_Prompt_:
Down to the last line, set down the listing below exactly, apart from its pictures.

_Extracted information_:
------------------------------------
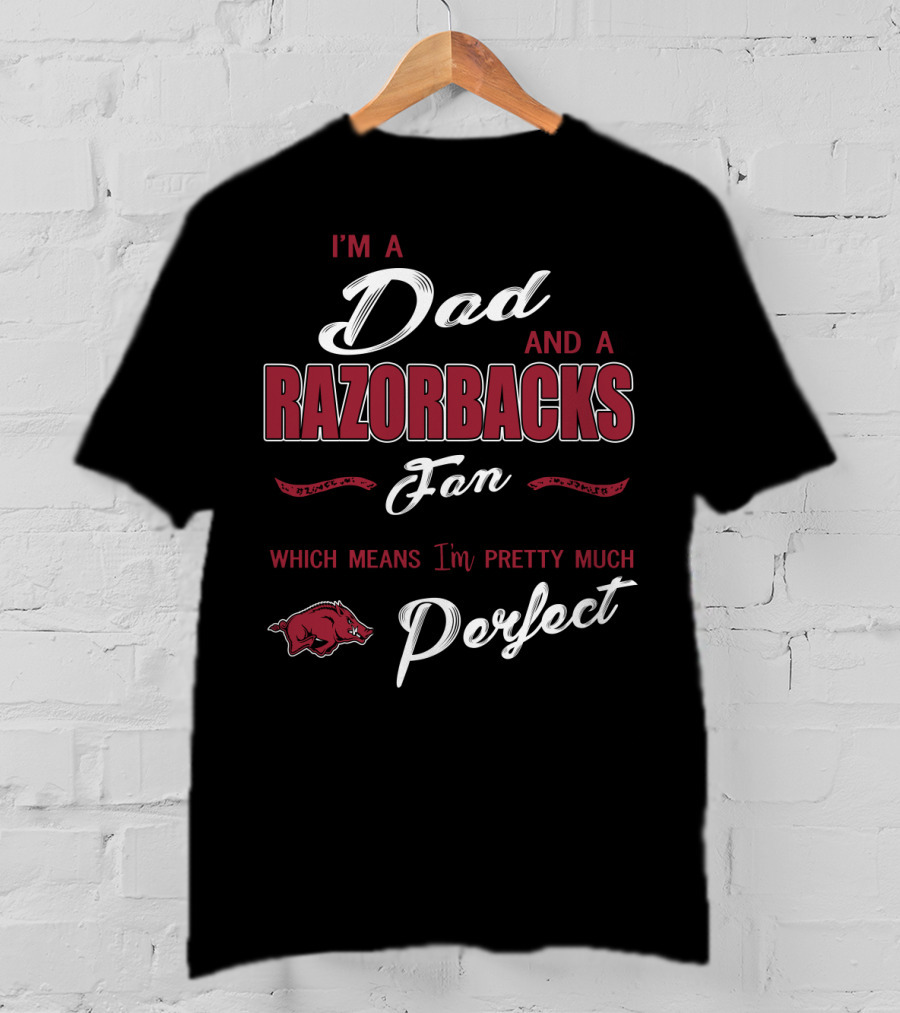 I'm A Dad And A Razorbacks Fan Which Means I'm Pretty Much Perfect T-Shirt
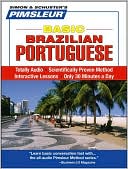 Book cover image of Basic Portuguese (Brazilian): Learn to Speak and Understand Brazilian Portuguese with Pimsleur Language Programs by Simon & Schuster
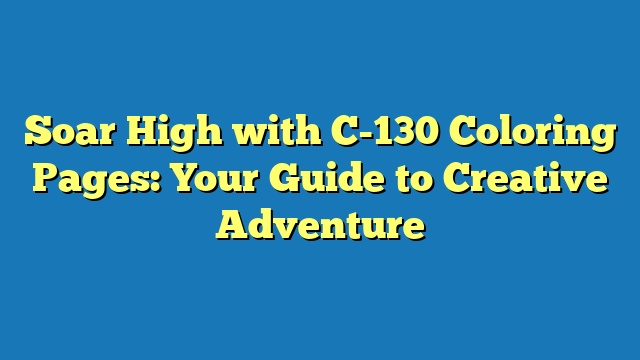 Soar High with C-130 Coloring Pages: Your Guide to Creative Adventure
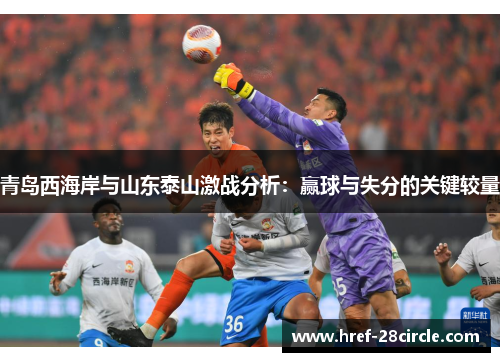 青岛西海岸与山东泰山激战分析：赢球与失分的关键较量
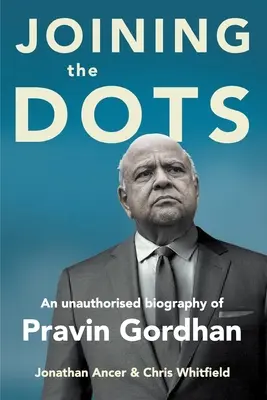 Spájanie bodov - neautorizovaný životopis Pravina Gordhana - JOINING THE DOTS - A Unauthorised Biography of Pravin Gordhan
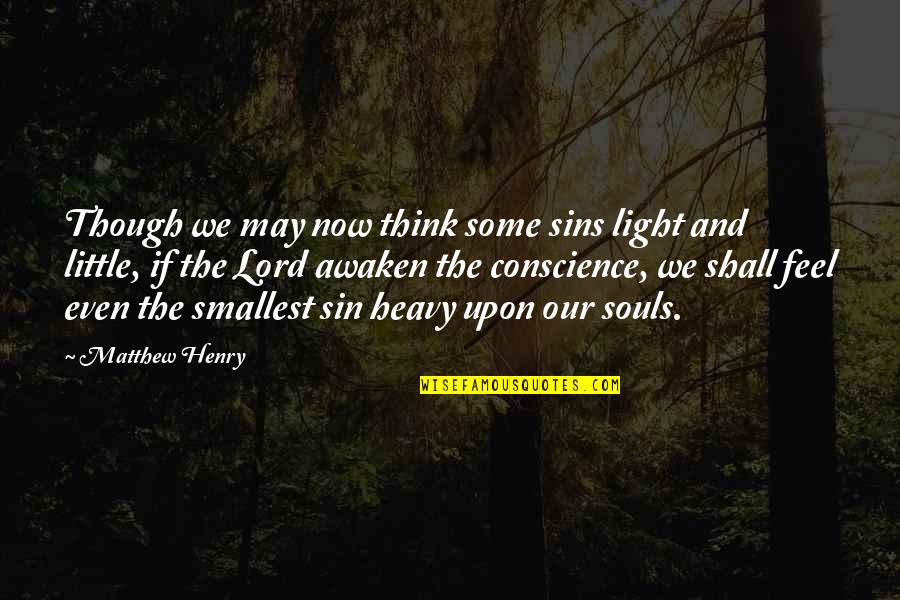 Awaken'd Quotes By Matthew Henry: Though we may now think some sins light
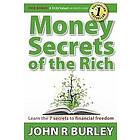 John Burley: Money Secrets of the Rich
------------------------------------
_Expected output_:
 I'm A Dad And A Razorbacks Fan Which Means I'm Pretty Much Perfect T-Shirt
 Book cover image of Basic Portuguese (Brazilian): Learn to Speak and Understand Brazilian Portuguese with Pimsleur Language Programs by Simon & Schuster
 Soar High with C-130 Coloring Pages: Your Guide to Creative Adventure
 青岛西海岸与山东泰山激战分析：赢球与失分的关键较量
 Spájanie bodov - neautorizovaný životopis Pravina Gordhana - JOINING THE DOTS - A Unauthorised Biography of Pravin Gordhan
 Awaken'd Quotes By Matthew Henry: Though we may now think some sins light
 John Burley: Money Secrets of the Rich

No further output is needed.